Problem to work on:
Retype, word for word, every line of the records below starting at the one that contains "Motorcycle Guitar Flames" and ending at the one that contains "Оригинальная пуховая куртка"; include both of those lines and nothing more.

++++ Provided entries

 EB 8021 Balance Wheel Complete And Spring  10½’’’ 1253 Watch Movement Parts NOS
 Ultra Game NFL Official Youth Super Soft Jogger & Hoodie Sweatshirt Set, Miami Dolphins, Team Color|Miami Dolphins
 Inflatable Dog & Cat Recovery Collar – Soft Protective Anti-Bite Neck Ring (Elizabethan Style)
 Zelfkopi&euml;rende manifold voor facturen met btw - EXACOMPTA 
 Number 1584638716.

++++++++
++++ Provided entries

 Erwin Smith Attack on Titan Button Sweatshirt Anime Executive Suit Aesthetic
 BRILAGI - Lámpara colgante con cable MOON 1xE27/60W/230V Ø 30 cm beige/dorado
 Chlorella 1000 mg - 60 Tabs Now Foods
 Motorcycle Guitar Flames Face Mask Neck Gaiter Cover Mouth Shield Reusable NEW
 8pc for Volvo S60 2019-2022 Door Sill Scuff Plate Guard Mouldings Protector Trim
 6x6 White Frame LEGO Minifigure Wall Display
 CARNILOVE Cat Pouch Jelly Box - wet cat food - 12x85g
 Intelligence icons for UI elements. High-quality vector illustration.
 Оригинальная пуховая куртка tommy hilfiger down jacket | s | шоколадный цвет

++++++++

Written response:
 Motorcycle Guitar Flames Face Mask Neck Gaiter Cover Mouth Shield Reusable NEW
 8pc for Volvo S60 2019-2022 Door Sill Scuff Plate Guard Mouldings Protector Trim
 6x6 White Frame LEGO Minifigure Wall Display
 CARNILOVE Cat Pouch Jelly Box - wet cat food - 12x85g
 Intelligence icons for UI elements. High-quality vector illustration.
 Оригинальная пуховая куртка tommy hilfiger down jacket | s | шоколадный цвет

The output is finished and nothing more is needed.